This article mainly introduces the detailed explanationJavaScript call stack, tailrecursion and manual optimization, which has certain reference value. Interested friends can refer to it

Call Stack (Call Stack)

Call Stack is a basic computer concept. Here we introduce a concept: stack frame.

Stack frame refers to the portion of stack space allocated separately for a function call.

When the running program calls another function from the current function, a new stack frame will be created for the next function and this stack frame will be entered.

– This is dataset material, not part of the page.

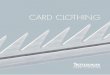 CARD CLOTHING fileThe licker-in and cylinder clothings and carding segments in modern high-performance cards are subjected to disproportional strains. Our solution:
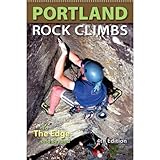 Portland rock climbs: A climber's guide to northwest Oregon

This stack frame is called the current frame. The original function also has a corresponding stack frame, which is called a call frame. Each stack frame will store the local variables of the current function.


When a function is called, it will be added to the top of the call stack. After execution is completed, the function will be removed from the top of the call stack. And give the program running rights (frame pointer) to the stack frame on the top of the stack at this time. This last-in-last-out structure is the call stack of the function.

In JavaScript, you can easily view the calling frame of the current function through the console.trace() method


Tail call

Before talking about tail recursion, you must first understand what tail call is. Simply put, the last step of a function execution is to call and return another function.

The following is a correct demonstration:

// 尾调用正确示范1.0
function f(x){
 return g(x);
}

// 尾调用正确示范2.0
function f(x) {
 if (x > 0) {
  return m(x)
 }
 return n(x);
}

1.0 The last step of the program is to execute function g and return its return value at the same time. In 2.0, the tail call does not have to be written in the last line, as long as it is the last step when executed.

The following is an error demonstration:

// 尾调用错误示范1.0
function f(x){
 let y = g(x);
 return y;
}

// 尾调用错误示范2.0
function f(x){
 return g(x) + 1;
}
// 尾调用错误示范3.0
function f(x) {
 g(x); // 这一步相当于g(x) return undefined
}

The last step of 1.0 is an assignment operation, the last step of 2.0 is an addition operation, and 3.0 implicitly has a return undefined

Tail call optimization

In the call stack part, we know that when a function A calls another function B, a stack frame will be formed. There are both calling frame A and current frame B in the call stack. , this is because after the execution of function B is completed, the execution right needs to be returned to A, so the variables inside function A, the location where function B is called, and other information must be saved in calling frame A. Otherwise, when function B finishes executing and continues to execute function A, everything will go wrong.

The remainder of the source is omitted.